What people actually want is recognition, and the gap is hard to miss: roughly 90% of loyalty programs deliver on convenience, value, and ease — but only 61% of members say they feel known by the brand. That nearly 30-point chasm is where loyalty actually breaks down. Consumers will share data — especially Millennials and Gen Z — but nobody wakes up hoping for more promo codes. They want to be seen, remembered, and treated like they matter.
Loyalty is a two-way street

The single most-repeated phrase across one-on-one interviews conducted as part of our research wasn't about points or apps. It was "two-way street." As one participant put it: "True loyalty with a brand is a two-way street. I'm loyal to them, and they're also loyal to me — not trying to just see me as profit." Another, more bluntly: "Brands expect us to be loyal to them. I can't think of a single brand that actually tries to be loyal to me."
That's the architecture beneath the data. Consumers know they're holding up their end — returning, spending, recommending — and they can tell when brands aren't holding up theirs.

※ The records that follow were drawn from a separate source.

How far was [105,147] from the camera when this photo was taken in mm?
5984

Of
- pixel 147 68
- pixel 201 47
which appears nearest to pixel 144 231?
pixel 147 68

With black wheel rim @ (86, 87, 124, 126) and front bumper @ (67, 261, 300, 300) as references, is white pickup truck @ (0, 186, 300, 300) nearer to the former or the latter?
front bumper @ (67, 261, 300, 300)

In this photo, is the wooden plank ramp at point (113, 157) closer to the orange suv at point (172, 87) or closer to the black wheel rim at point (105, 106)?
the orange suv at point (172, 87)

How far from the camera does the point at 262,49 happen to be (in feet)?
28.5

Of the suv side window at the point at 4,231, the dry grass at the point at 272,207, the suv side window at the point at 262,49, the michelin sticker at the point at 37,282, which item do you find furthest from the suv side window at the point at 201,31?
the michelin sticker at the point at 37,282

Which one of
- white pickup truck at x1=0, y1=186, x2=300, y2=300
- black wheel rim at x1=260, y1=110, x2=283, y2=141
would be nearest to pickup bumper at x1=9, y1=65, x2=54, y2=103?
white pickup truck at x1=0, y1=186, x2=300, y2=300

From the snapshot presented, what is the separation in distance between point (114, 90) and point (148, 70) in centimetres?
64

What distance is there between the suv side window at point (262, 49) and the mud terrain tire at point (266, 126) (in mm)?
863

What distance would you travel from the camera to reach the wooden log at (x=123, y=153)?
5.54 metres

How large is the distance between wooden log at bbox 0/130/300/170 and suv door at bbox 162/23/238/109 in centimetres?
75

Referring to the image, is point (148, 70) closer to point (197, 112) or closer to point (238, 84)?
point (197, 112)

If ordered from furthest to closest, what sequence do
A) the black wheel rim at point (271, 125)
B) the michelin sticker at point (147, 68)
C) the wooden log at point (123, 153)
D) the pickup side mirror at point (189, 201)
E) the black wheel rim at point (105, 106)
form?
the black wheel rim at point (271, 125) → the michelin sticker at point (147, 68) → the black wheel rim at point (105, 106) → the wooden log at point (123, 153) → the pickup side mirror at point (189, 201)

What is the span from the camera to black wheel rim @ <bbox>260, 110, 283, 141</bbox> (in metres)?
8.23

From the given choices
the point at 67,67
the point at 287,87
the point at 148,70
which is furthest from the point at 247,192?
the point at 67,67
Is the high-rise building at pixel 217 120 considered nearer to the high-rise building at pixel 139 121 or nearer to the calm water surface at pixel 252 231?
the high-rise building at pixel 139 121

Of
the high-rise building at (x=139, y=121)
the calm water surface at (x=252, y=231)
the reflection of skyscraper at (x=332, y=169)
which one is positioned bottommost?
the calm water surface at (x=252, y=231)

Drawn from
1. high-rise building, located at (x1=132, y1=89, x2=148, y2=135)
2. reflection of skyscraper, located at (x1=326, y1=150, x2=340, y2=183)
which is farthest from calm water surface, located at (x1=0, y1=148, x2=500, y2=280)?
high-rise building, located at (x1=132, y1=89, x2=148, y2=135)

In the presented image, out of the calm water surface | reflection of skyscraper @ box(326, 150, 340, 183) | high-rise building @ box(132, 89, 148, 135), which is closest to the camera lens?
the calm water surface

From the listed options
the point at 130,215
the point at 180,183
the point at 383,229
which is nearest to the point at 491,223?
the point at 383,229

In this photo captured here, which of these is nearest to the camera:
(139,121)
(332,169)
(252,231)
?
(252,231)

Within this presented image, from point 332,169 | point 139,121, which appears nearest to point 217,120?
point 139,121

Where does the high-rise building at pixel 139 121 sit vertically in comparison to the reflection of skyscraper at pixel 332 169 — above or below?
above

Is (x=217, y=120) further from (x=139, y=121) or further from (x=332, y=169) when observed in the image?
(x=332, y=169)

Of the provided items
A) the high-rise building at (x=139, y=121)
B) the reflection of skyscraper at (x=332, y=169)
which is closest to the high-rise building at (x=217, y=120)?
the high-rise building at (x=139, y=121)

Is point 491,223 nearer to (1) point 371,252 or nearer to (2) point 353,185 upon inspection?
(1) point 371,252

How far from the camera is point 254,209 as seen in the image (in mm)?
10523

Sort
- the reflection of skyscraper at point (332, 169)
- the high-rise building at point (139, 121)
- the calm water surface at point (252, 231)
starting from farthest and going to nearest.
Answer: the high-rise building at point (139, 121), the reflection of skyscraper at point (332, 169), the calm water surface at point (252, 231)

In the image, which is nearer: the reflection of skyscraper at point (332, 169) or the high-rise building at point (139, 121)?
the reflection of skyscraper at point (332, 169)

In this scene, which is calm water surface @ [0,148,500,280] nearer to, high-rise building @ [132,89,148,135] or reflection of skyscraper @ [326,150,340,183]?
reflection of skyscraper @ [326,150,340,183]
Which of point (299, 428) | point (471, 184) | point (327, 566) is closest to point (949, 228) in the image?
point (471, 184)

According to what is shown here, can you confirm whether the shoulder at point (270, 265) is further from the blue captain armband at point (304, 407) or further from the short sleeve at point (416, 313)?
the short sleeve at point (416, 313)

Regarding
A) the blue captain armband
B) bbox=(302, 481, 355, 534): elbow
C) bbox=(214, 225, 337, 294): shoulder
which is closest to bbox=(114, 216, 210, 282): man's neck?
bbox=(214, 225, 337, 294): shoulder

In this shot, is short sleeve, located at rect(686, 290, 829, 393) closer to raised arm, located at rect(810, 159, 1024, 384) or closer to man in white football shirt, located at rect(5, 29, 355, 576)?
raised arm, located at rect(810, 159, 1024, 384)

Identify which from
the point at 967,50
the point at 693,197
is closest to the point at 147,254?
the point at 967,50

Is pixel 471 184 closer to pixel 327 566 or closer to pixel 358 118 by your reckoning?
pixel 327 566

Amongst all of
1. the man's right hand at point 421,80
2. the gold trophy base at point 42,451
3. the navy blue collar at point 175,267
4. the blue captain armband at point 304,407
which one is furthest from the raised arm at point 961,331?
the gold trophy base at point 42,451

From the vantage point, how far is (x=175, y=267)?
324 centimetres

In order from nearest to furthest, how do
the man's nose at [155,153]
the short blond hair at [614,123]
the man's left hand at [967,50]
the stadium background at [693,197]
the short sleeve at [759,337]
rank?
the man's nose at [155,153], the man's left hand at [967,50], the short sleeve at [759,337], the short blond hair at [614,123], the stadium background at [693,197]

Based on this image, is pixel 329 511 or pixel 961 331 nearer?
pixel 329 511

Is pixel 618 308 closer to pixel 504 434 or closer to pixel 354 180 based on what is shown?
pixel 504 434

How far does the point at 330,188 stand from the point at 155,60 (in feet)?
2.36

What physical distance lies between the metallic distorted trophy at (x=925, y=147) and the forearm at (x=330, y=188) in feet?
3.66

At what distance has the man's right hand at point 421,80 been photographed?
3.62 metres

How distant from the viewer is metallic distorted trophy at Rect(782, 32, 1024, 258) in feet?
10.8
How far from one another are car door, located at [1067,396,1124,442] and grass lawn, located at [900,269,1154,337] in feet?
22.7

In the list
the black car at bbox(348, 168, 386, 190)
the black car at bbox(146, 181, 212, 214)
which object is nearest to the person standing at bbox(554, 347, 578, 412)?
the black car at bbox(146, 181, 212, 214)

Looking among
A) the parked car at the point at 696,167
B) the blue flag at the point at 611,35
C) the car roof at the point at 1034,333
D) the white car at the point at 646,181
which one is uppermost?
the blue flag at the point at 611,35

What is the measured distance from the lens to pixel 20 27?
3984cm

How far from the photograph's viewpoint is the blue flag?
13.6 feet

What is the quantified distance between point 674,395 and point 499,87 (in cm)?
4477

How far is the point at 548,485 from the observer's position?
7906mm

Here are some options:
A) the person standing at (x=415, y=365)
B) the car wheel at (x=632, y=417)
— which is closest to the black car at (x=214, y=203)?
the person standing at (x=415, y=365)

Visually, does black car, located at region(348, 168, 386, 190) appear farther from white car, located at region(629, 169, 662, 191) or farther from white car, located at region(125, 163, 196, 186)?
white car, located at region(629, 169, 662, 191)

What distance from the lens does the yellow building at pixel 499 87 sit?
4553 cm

The brands that earn the highest emotional response aren't choosing between a frictionless experience and a human one — they're delivering both. The experience is effortless and the customer feels seen and recognized: a smooth app, a checkout that remembers preferences, a service rep who already has the history. That's the baseline. What separates the brands that earn real loyalty is what they do on top of that — something visible that shows they care. Costco kept prices low through inflation and stuck with its DEI commitments when peers retreated; members read both as proof that the company is loyal back to them. Lululemon's Sweat Collective gives fitness instructors a 25% discount, and the people who qualify don't describe it as a perk — they describe it as recognition: "They give me a 25% discount because they understand what I do." Chewy refunds a no-longer-needed pet food order and lets the customer donate it to a shelter — the kind of unprompted moment our participants reached for as the gold standard of brand behavior. In each case, the program isn't substituting for the relationship — it's the visible proof, on top of an experience that already feels effortless and personal, that the brand is loyal back.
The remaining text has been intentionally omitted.